Judge: child porn evidence obtained via FBI’s Tor hack must be suppressed - tetrep
http://arstechnica.com/tech-policy/2016/09/judge-child-porn-evidence-obtained-via-fbis-tor-hack-must-be-suppressed/
======
tetrep
> Earlier this year, federal judges in Massachusetts and Oklahoma made similar
> rulings and similarly tossed the relevant evidence. Thirteen other judges,
> meanwhile, have found that while the warrants to search the defendants'
> computers via the hacking tool were invalid, they did not take the extra
> step of ordering suppression of the evidence. The corresponding judges in
> the remainder of the cases have yet to rule on the warrant question.

It's nice to see checks/balances work every now and then. It's also refreshing
to see public figures stand against "thinking of the children" when rendering
judgements about our freedoms. My only concern is that it's still a narrow
technical ruling, only invalid because the judge issuing the warrant did not
have the authority to do so (it targeted people outside their jurisdiction),
and while it's relatively easy in the physical world to constrain your search,
it's much more difficult on the digital world unless the warrant is extremely
narrow in scope.

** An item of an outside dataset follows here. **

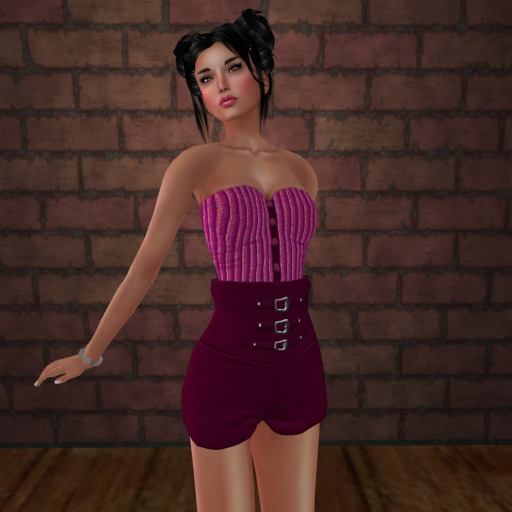 Purple Mesh short shorts outfit (boxed)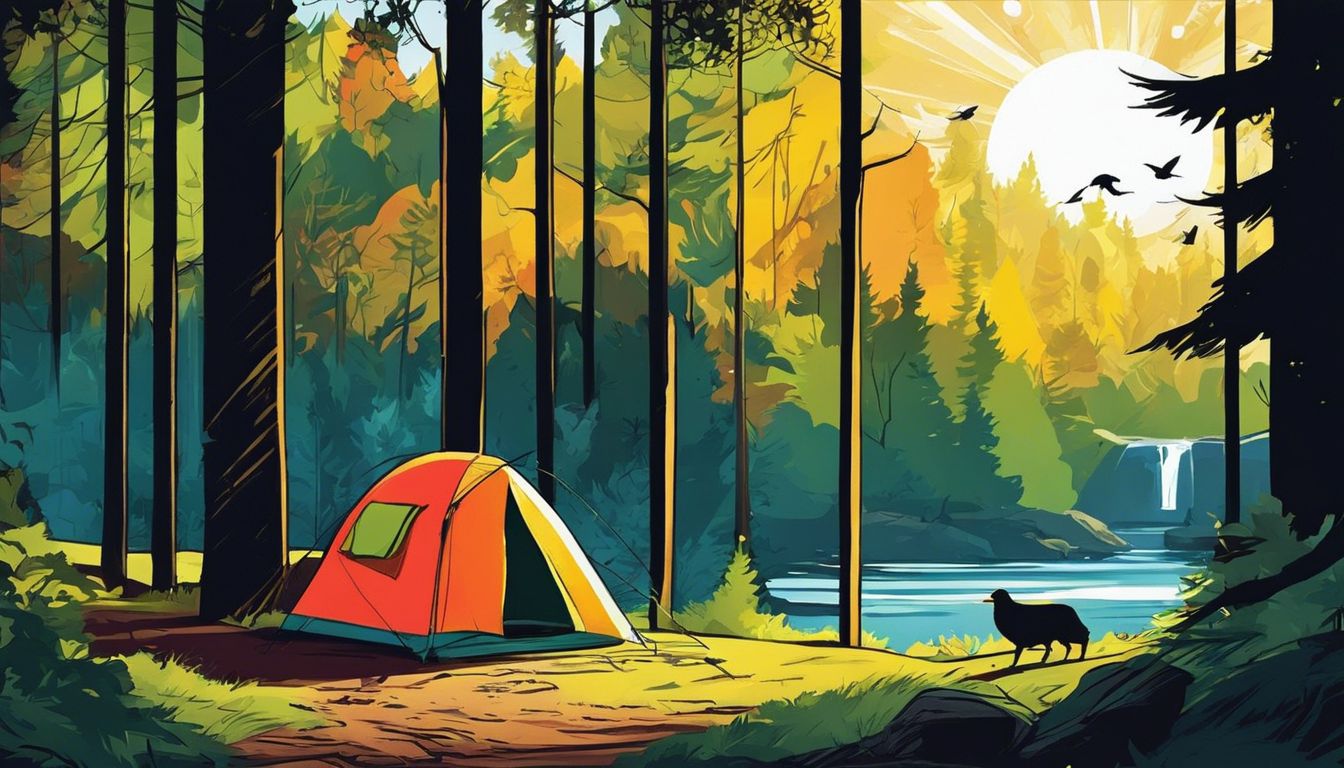 A colorful tent sits peacefully in a serene forest, showcasing the beauty and tranquility of nature. A colorful tent sits peacefully in a serene forest, showcasing the beauty and tranquility of nature.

Once you've gotten access to someone's personal computer,
you're going to get _all the things_ , not just the child pornography. I would
consider it the equivalent for getting a warrant (hand-wave the actual
execution) to mount a GoPro your target and record their life, combing through
the footage to find details relevant your case, but I fear a "hack their
computer" warrant would be/is much easier to obtain.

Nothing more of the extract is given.